■ Stored data:
════════════════════
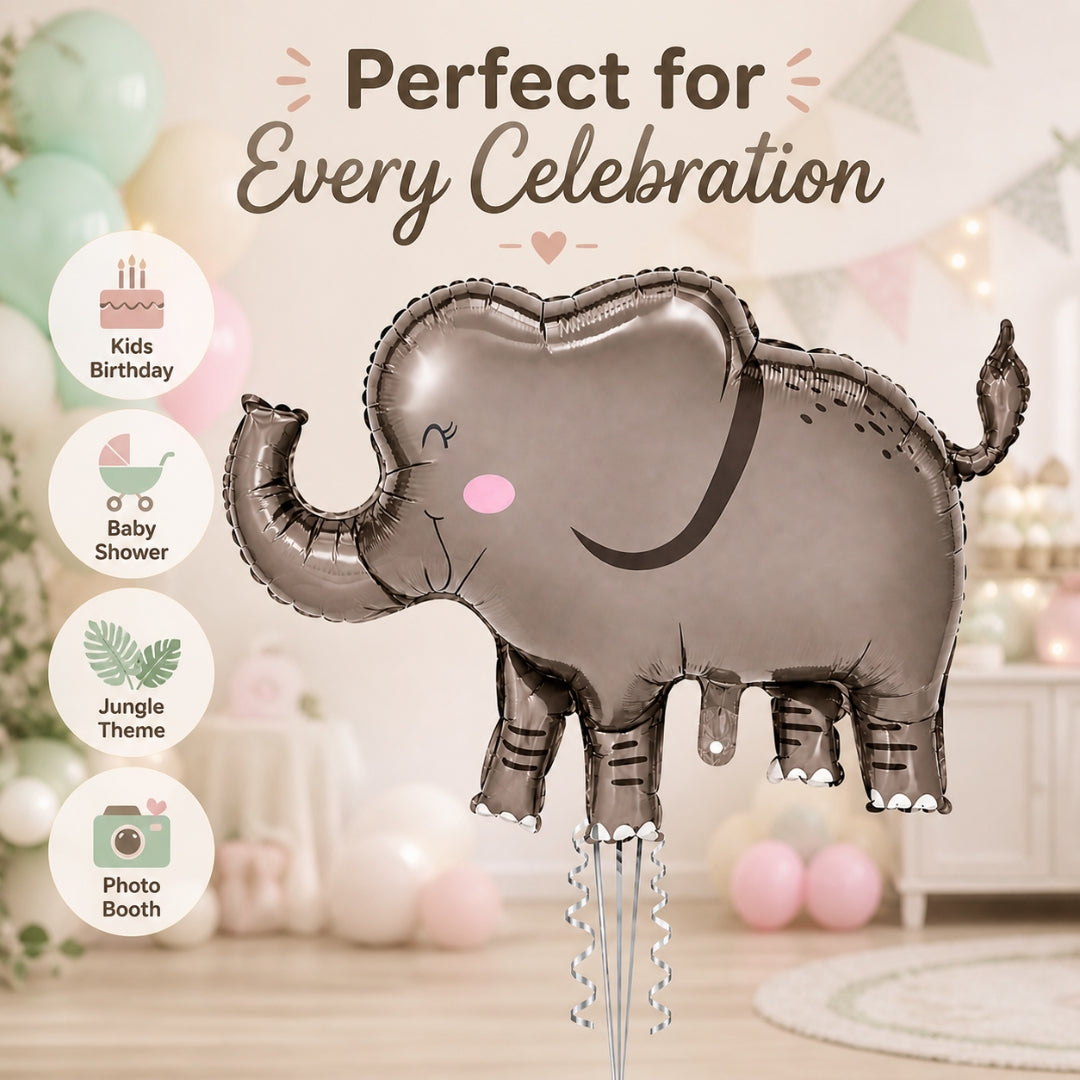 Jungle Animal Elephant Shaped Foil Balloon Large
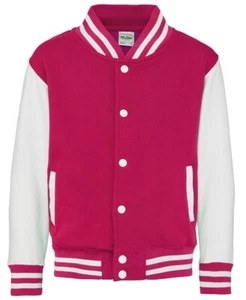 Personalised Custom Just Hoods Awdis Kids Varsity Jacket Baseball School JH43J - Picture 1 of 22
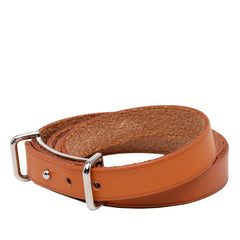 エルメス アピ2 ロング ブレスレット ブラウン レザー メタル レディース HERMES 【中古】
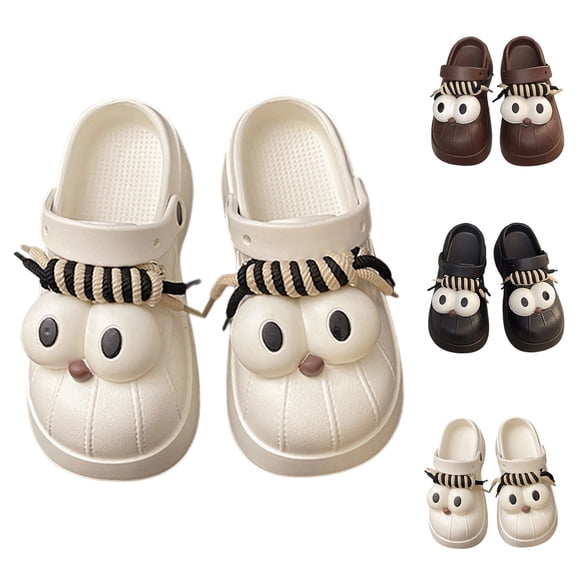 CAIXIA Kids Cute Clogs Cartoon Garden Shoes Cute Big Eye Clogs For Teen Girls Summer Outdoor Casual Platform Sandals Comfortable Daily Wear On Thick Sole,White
════════════════════
The line containing "Personalised Custom Just" and every line after it, through the end of the material above, are to be printed exactly; no pictures belong in the output.

■ Reply:
 Personalised Custom Just Hoods Awdis Kids Varsity Jacket Baseball School JH43J - Picture 1 of 22
 エルメス アピ2 ロング ブレスレット ブラウン レザー メタル レディース HERMES 【中古】
 CAIXIA Kids Cute Clogs Cartoon Garden Shoes Cute Big Eye Clogs For Teen Girls Summer Outdoor Casual Platform Sandals Comfortable Daily Wear On Thick Sole,White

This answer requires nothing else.